Although the law requires accessibility in public facilities, it is still more difficult to navigate with a disability that hampers movement than without one. For someone with communication challenges, finding a therapist who can easily communicate or a translator to facilitate sessions can also present barriers to care.
Considering the pandemic, some may not want to venture out as much because of the risk of catching the virus.
“Many people who live with disabilities, their disability can affect their immune system,” Stolfi said. “And that can influence their ability to seek mental healthcare and contribute to isolation. Many live day to day with their particular barriers to care.”

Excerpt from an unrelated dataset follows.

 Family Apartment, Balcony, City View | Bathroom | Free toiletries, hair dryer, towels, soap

Some of the factors related to the disability can also correlate with higher risk for depression, according to Andy Lopez-Williams, Ph.D., CEO and president of ADHD & Autism Psychological Services and Advocacy in Syracuse and Utica.

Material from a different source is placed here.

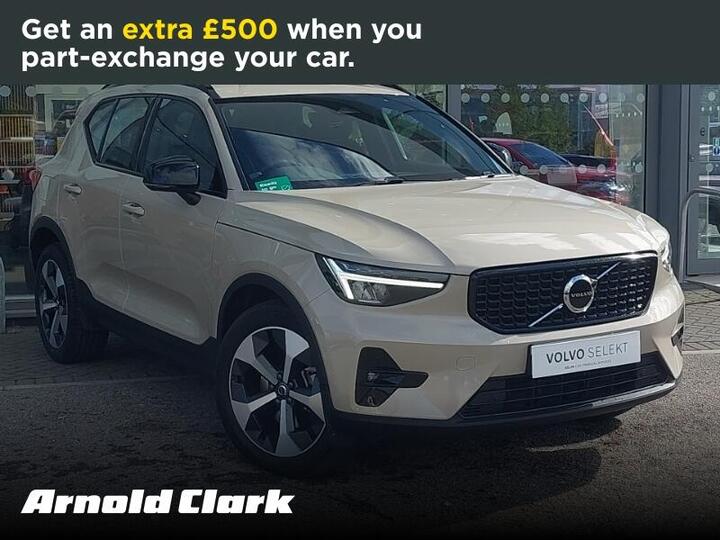 Volvo XC40 2.0 B3 MHEV Plus Dark DCT Auto Euro 6 (s/s) 5dr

“Children and adults with neurodevelopmental disorders, including ADHD, autism, Tourette’s and intellectual disabilities, most of these have anxiety or depression,” he said. “There’s fundamentally a brain base for the correlation. The circuits involved with disability are often involved with anxiety and depression. The earlier identified, the better.”
In addition to this relationship, the struggles encountered in navigating the world can also raise risk for depression, especially for those who have not yet received accommodation such as children with undiagnosed neurodevelopmental disorders.
“Imagine if you went to work every day and you were told every day, everything you did wrong at your job and you’re not good at it,” Lopez-Williams said. “You can’t quit and you can’t be fired. What would that do with your mental health? You’d become depressed, anxious and hopeless. This is what children are facing with neurodevelopmental disorders that haven’t been diagnosed and treated.”
He added that the evidence shows that they receive predominantly negative feedback at school. They may also receive the same from caregivers.
When the disability occurred affects risk for depression. Rita Worlock, clinical psychotherapist and social work practitioner in Syracuse, said that people who acquire a disability later in life “may have a greater struggle adjusting than someone born with it. They may not be able to engage in recreational activities or perform the work that they used to. Their finances may suffer.”
In addition, medication taken because of their disability may contribute to depression, as can disrupted sleeping patterns and pain.
While it may affect some life experiences, a disability does not predispose someone to depression. Seeking outside help and support from family and friends when feeling depressive symptoms may head off a bout of depression.
Focusing on what one can do can help reduce risk of depression. Worlock encourages getting involved with a hobby and group and planning a regular outing.
“Sometimes, medication and therapy keep you stable, but you won’t grow,” she said.
Eating a balanced diet and getting enough sleep may also promote better mood. While these lifestyle factors can support good mental health, they are not always enough to stave off depression. A provider may also offer treatments like psychotherapy and prescription medication for depression.